Copy: President of the EPO, A. Campinos

Attachment: Detailed information on the petition


1 – 1 Date 30.09.2022

Update on the petition to the Members of the Administrative Council of the EPO to call for a Conference of Ministers of the Contracting States under Article 4a EPC

When the petition was launched in June 2022, compelling reasons had already been published as to
why such a Conference of Ministers of the Contracting States is necessary and, in fact, overdue. Since then, more events have occurred that speak for such an external review of the organisation and thus for the support of the petition, which are:

- The production demands for examiners are to be increased – increases of up to 10% are in the air – and this despite the fact that quality has fallen further;
- The office’s practice concerning patentability of business methods under Article 52(2)(c) EPC has become unclear again; and
- More embarrassing ILOAT Judgments showing the EPO’s violation of fundamental rights were issued three months ago and while implementation could be smooth and easy, it has yet to occur.

In more detail:

In the meantime it has been announced by senior managers and line managers that examiners will be required to produce more and that production pressure will be significantly increased for the coming year. This is even though staffing levels in core tasks are alarmingly low, examiner productivity is at its limits and at the same time the quality of issued patents has further deteriorated to below 75% compliance rate. In team meetings the figure of an increase of up to 10% of production has bee mentioned (see also the corresponding CSC publication 1). It seems that management no longer has any meaningful answers to manage the office’s workload.

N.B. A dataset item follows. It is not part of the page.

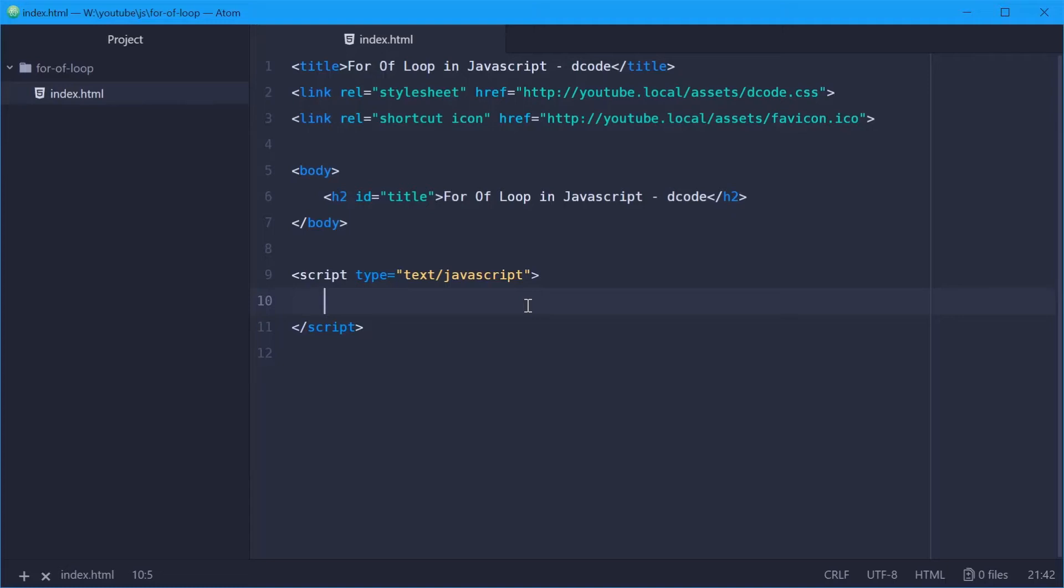How's it going guys, my name is Dom and today I want to show you how you can use the for of loop within JavaScript.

Concerning the assessment of patentability of business methods in substantive examination (Article 52(2)(c) EPC), a recently started debate illustrates that this issue still seems to be very unclear. A clear guidance at the level of the Contracting States of the EPC seems to be necessary.

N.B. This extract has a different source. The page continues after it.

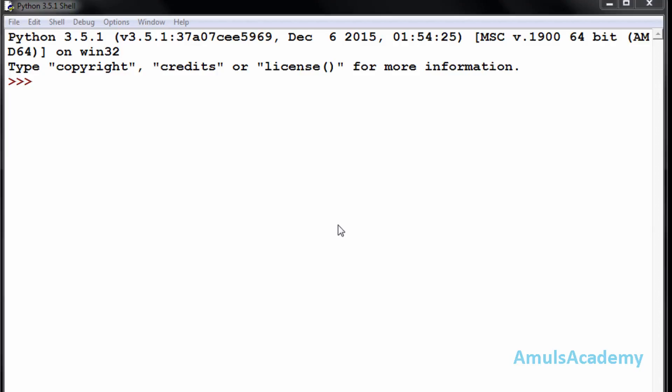Modules are nothing but a group of some instructions, functions, or statements. For example, the math module. If you remember, while using the factorial function we imported the math module and then used the factorial function. Math is a module where different types of mathematical functions are defined. To use those functions we just need to import that module and mention the function name.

In early July the ILOAT issued inter-alia the Judgments no. 4550 and 4551, the latter clarifying that again the EPO has violated fundamental rights of staff freedom of association for roughly a decade. With the Judgment, the ILOAT lifted the presidential ban on Staff Committee sending mass emails to staff.

However, even after repeated requests by the Staff Committee and SUEPO, the President has not yet removed his technical restrictions on Staff Representation in the office’s email system that were put in place to enforce the ban. Currently, it looks like the Office continues to refuse to comply with the court’s ruling and allows the illegal email ban to remain in place. It seems that the ILOAT will have to be called again in this matter, this time simply to obtain the enforcement of its judgment.

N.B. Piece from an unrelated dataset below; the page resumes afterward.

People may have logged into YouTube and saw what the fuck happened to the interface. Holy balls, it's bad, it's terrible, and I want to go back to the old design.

Thus, not only has the fear that further embarrassing ILOAT Judgments will be issued against the organisation been confirmed, but it is compounded by the lack of willingness in the office leadership to recognise the highest court having jurisdiction over the organisation and to comply with the EPC. This procedure could put the existence of the organisation, and thus our own, in jeopardy. It is unclear whether the Administrative Council can or wants to put a stop to this.

In view of the above, an external review of the situation of the EPO by the Contracting States has become even more urgent.

This external review is claimed by the petitioners to the Members of the Administrative Council of the EPO to call for a Conference of Ministers of the Contracting States under Article 4a EPC.

_____
1 Open letter of the Central Staff Committee to the EPO President on the subject “Unsustainable productivity increase of +10% for 2023” dated 22.09.2022,


[Redacted: a letter previously published here]


[Redacted: a letter previously published here]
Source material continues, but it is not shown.